I write this to fill you with love, so that one day children of war will no longer have to make sense of life through death.

Editor’s Note: Earlier this year, the Asian American Feminist Collective hosted a virtual writing workshop with Kundiman. Over the course of three months, we embarked on an literary journey with a group of Asian American writers dedicated to deepening our connections with feminist texts and histories—and how they may inform and refine our own craft. Each session, we pored over texts by feminist writers such as Theresa Hak Kyung Cha, Sara Ahmed, Mia Mingus, and Vivek Shraya, attempting to understand how our pasts, identities, and politics emerge in our writing practices and explorations. All the while, the cohort of 20 wrote and workshopped their own submissions into this tradition of Asian/American feminist writing, which were then presented to the public in a final virtual reading. (We recently published the final pieces into a zine titled To Us & Ours.) 

One of these pieces, written by cohort member Victoria M. Huynh, felt especially prescient as we’ve been grappling with the deadly impacts of U.S. imperialism in Afghanistan. We chose to share her story, “To The Daughters of War,” in our Black and Asian Feminist Solidarities column as well, because as feminists of color we know that writing about intergenerational trauma is difficult, especially when our histories are constantly being rewritten for us by our oppressors.

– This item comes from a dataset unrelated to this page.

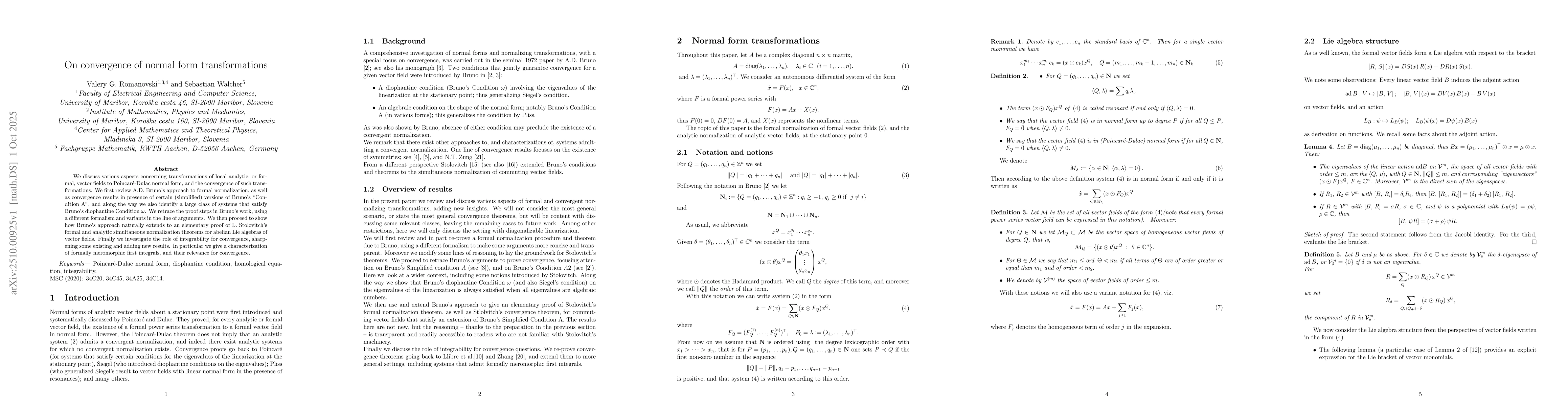 Thumbnail for On convergence of normal form transformations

But in the lineage of texts like Cha’s Dictee, Huynh translates what is lost (both historically and emotionally) in these revisionist retellings. I hope that reading this essay helps others along their own journeys of unlearning, relearning, reconciling, and reconnecting. 

—Tiffany Diane Tso, Asian American Feminist Collective


We do not come from America.

The Americans taught me that I come from a dead people. That children of war—especially daughters of war—are the perennial victims (of “authoritarian dictatorships”/of our own people’s liberation wars) who need to become rehabilitated as Americans to be worthy of life. The American liberals will teach you that you come from a pitiful people deserving survival at best. But, war child, your people’s foremothers also came from revolution. Your foremothers were not American. 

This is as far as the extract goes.